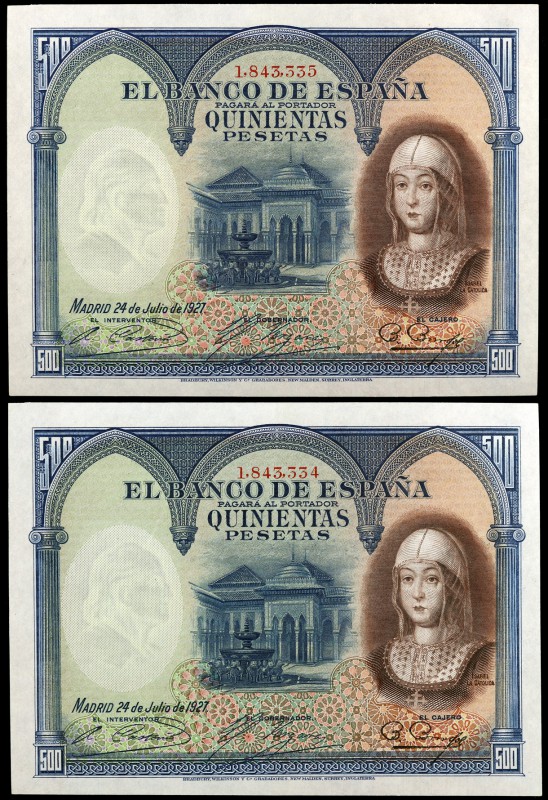 1927. 500 pesetas. (Ed. C3) (Ed. 352). 24 de julio, Isabel la Católica. Pareja c...
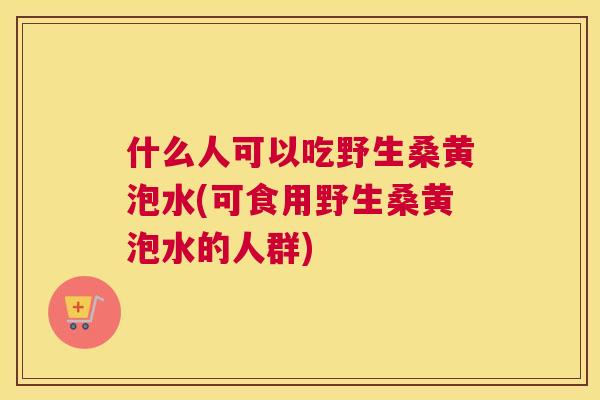 什么人可以吃野生桑黄泡水(可食用野生桑黄泡水的人群) 什么人可以吃野生桑黄泡水(可食用野生桑黄泡水的人群)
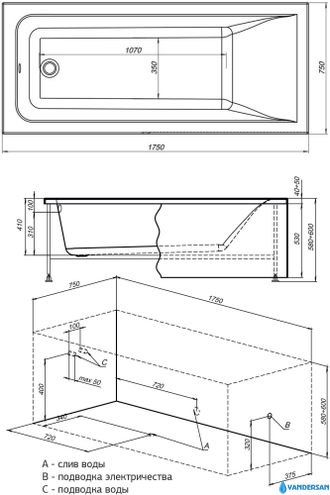 Акриловая ванна Aquanet Bright 175x75 с каркасом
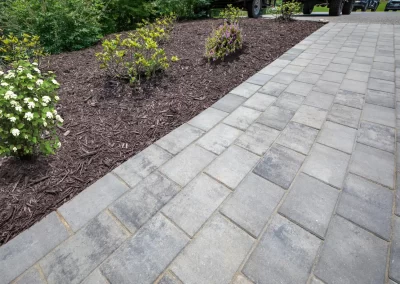 Paved stone walkway is a perfect example of hardscaping, set next to a mulched garden bed with green shrubs and flowering plants for expert landscaping in MD.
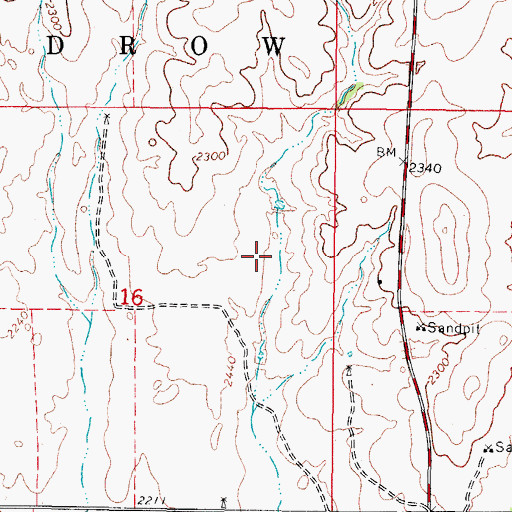 Topographic Map of Township of Woodrow, OK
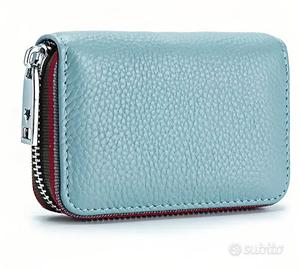 Portacarte di Credito in Pelle Azzurro 11x7x2cm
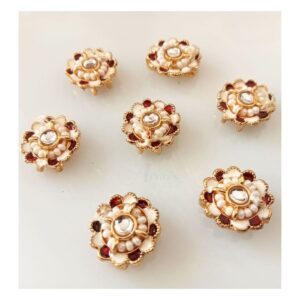 KUNDAN080- ARNAS 4 PCS PACK OF ROUND KUNDAN BEADS FOR JEWELLERY | BRACELETE | RAKHI MAKING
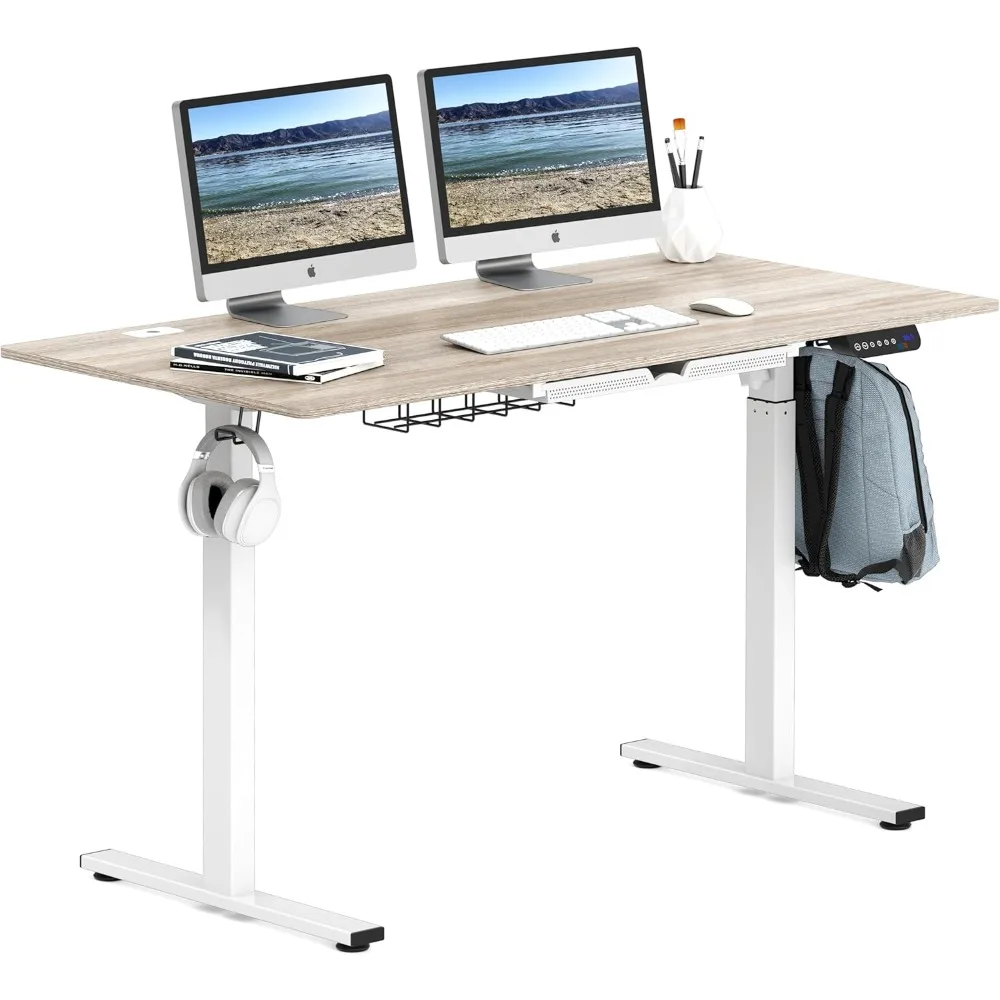 

55 x 28 Inches Electric Height Adjustable Standing Desk with Drawer and Memory Preset, Maple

--- --- ---

TASK OBJECTIVE:
Exactly repeat every line from the line that includes "Portacarte di Credito" to the end of the listing, and nothing else, leaving pictures out.

RESPONSE BELOW:
 Portacarte di Credito in Pelle Azzurro 11x7x2cm
 KUNDAN080- ARNAS 4 PCS PACK OF ROUND KUNDAN BEADS FOR JEWELLERY | BRACELETE | RAKHI MAKING

55 x 28 Inches Electric Height Adjustable Standing Desk with Drawer and Memory Preset, Maple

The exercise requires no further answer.